1) Don’t give them a reason to discriminate against you.
2) If they want you for this role, you needing to have some time away when baby’s born shouldn’t impact your fit for the role and long-term value to the org.
3) If, God forbid, something were to go wrong, it’s not a conversation I personally would want to have with my (new) employer unless I absolutely had to, so I’d wait until at least my second trimester to disclose.
All of this too! ^
While it is illegal to be discriminated on this people still have bias so I would not tell them. It’s even better if you’re wfh and they can’t tell but I’d suggest waiting. One thing to consider is you may need to work somewhere a year before you see maternity leave benefits.
As a manager of a large team I would say tell them only when you’re going public with the news. They don’t have to know before then. I’ve had lots of women who’ve had children on my teams and the world keeps moving and the work gets done. I’ve also had several employees get pregnant in the first year with the company and again it’s never an issue. The thing I think of as more important is how long you plan on being out on leave. Again I don’t care about how much time is taken I just want to plan for it.

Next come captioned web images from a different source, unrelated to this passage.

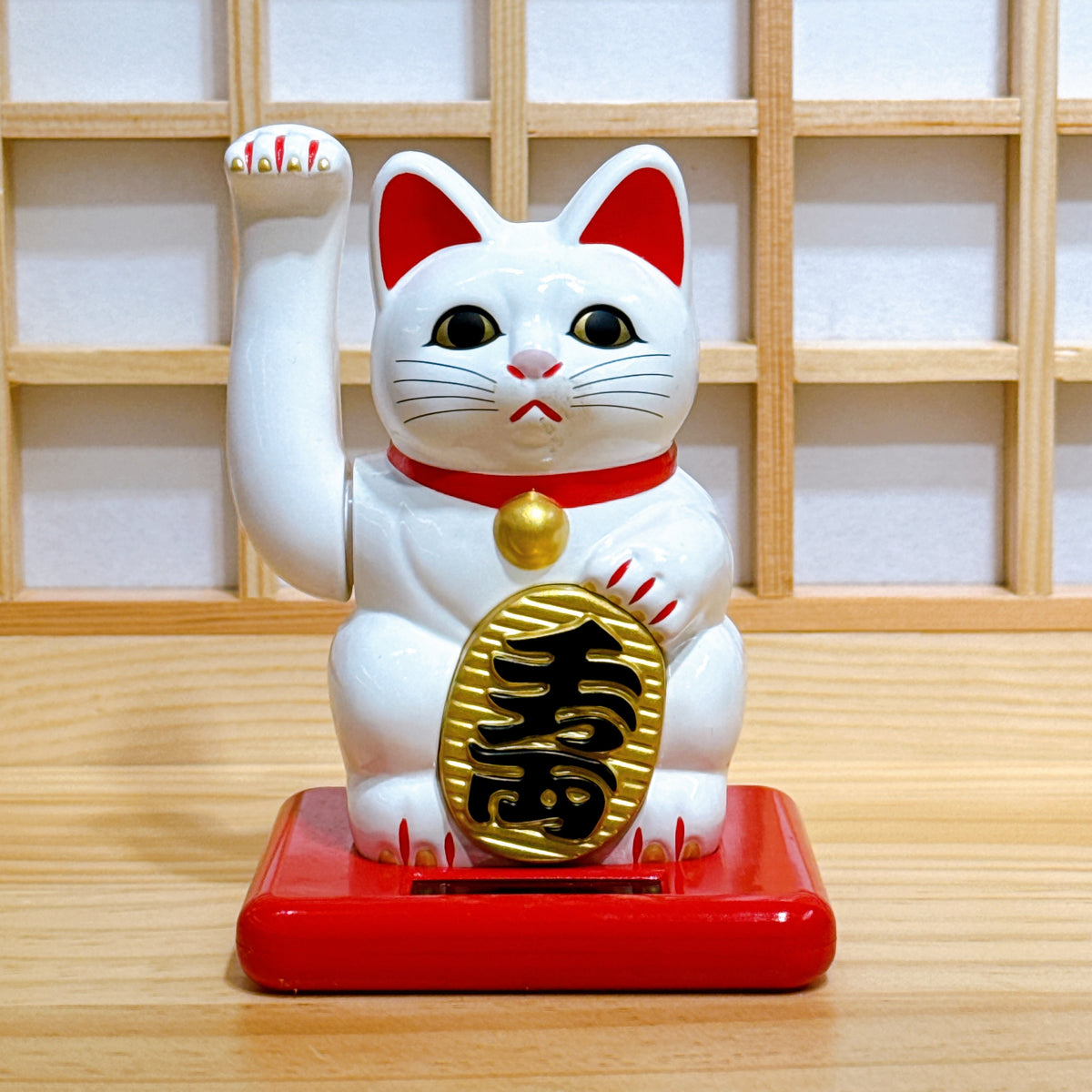 日本好運招財貓 太陽能 白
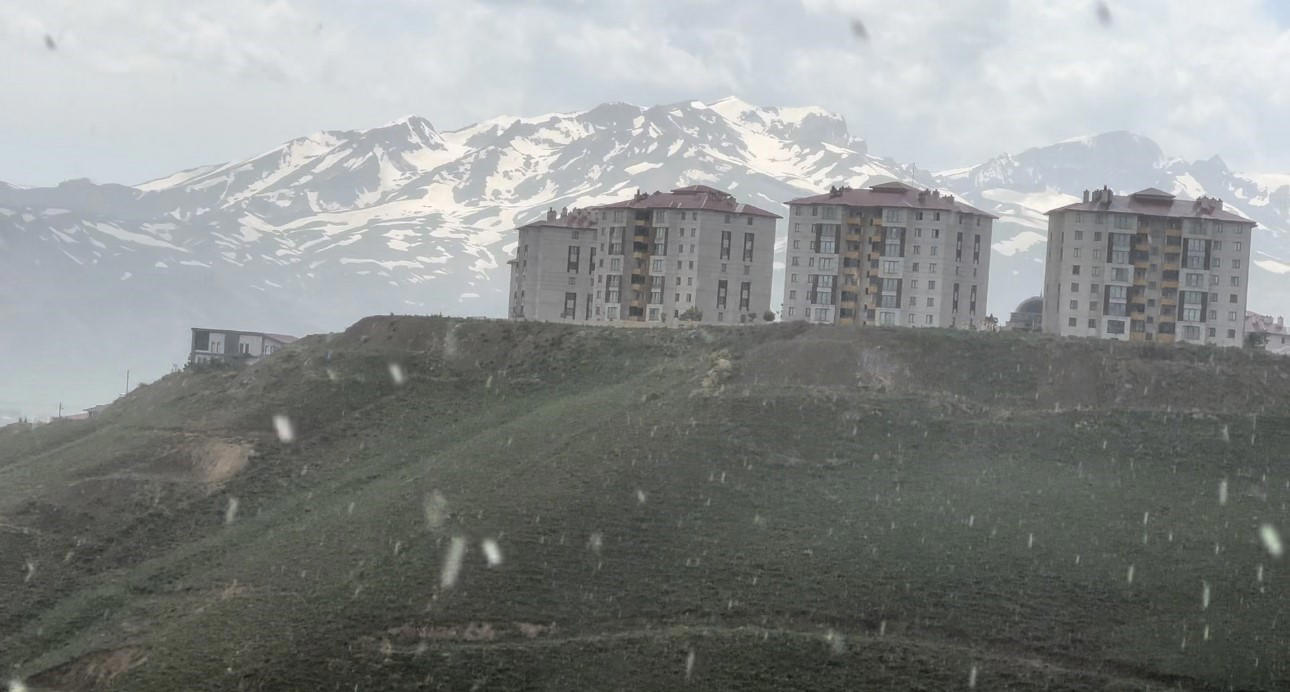 yüksekova’da dolu yağışı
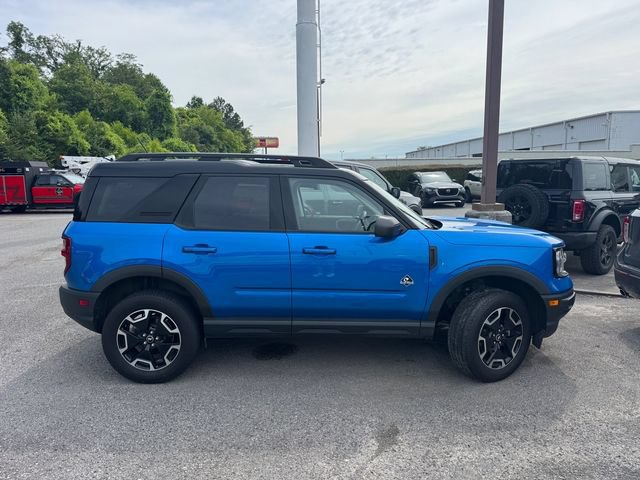 Certified 2022 Ford Bronco Sport Outer Banks w/ Tech Package AWD/4WD image 4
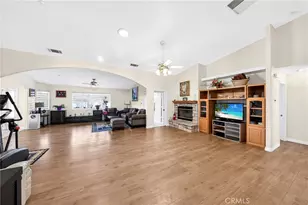 5635 Hollister, Phelan, CA 92371 - Photo 20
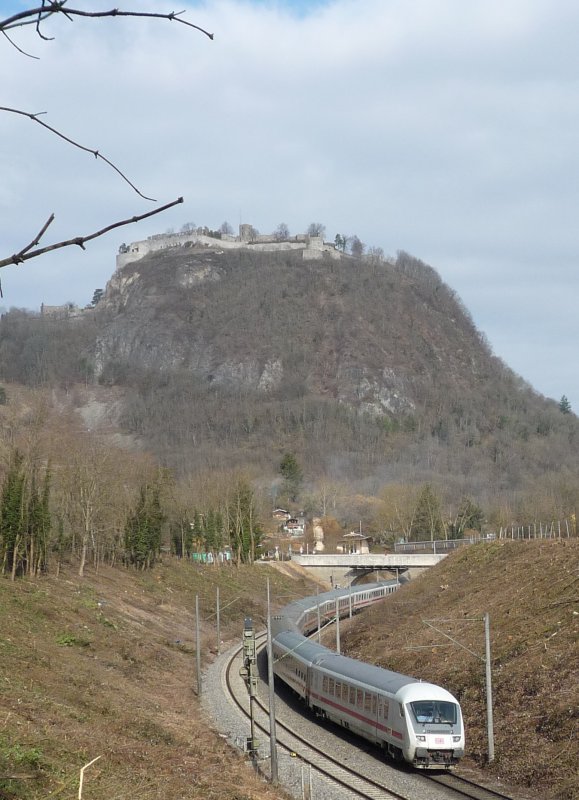 Nachschuss auf den IC 2004 Konstanz - Emden Hbf mit 101 132-9 in Singen(Htw). 15.03.09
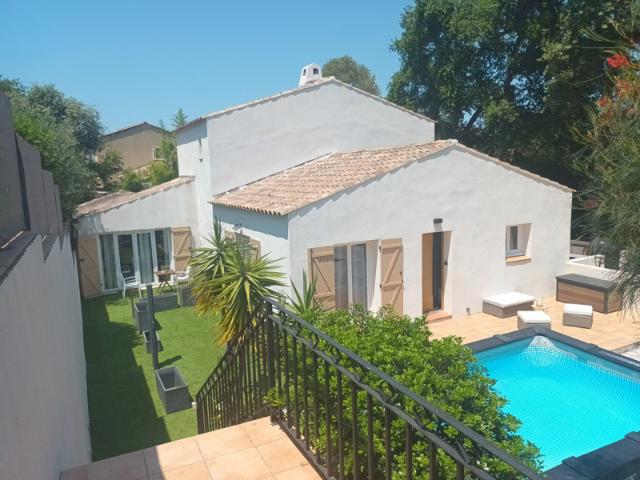 MAISON 150M2 AVEC STUDIO TERRAIN 550M2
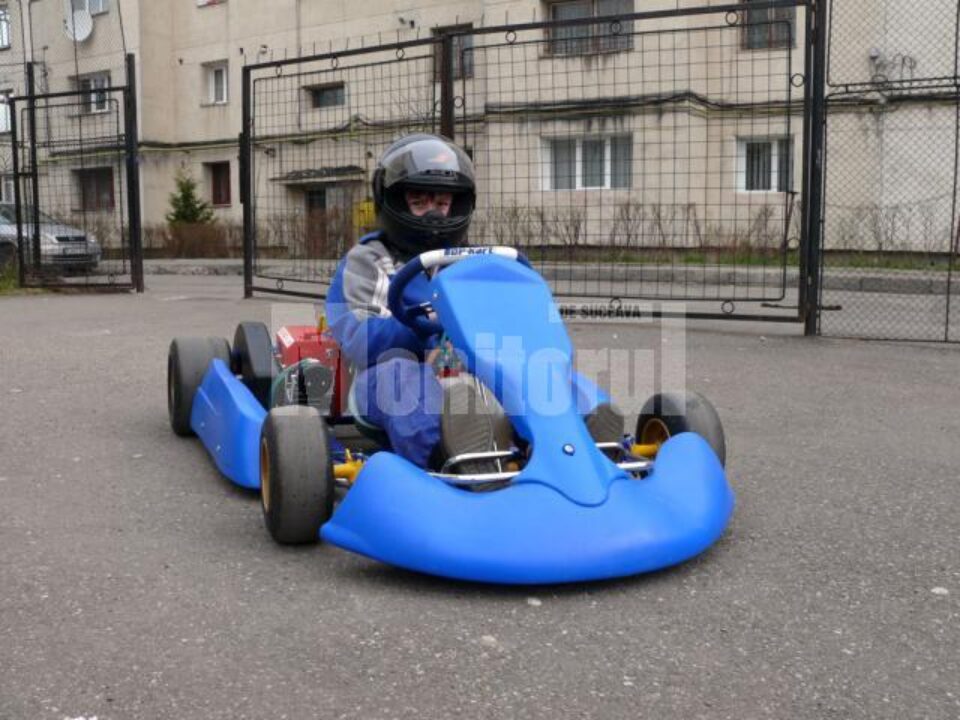Demonstrații de karting și auto-modele la Fălticeni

I was in the same boat once and was nervous about interviewing because I had just miscarried a month earlier. Once all the testing was okay with the new pregnancy, I ended up telling work at 20 weeks after a few months into the job. I was honest about why and no one blinked an eye. During the interview process, I made a point to ask if there was any time limit on their parental leave policy and there wasn’t. Some places require a year for FMLA. If you’re in NY it’s only 6 months. Good luck!
I would only tell at the beginning of a new job if I was 3-4 months out. Any earlier and who knows what will happen between now and your due date. It can wait.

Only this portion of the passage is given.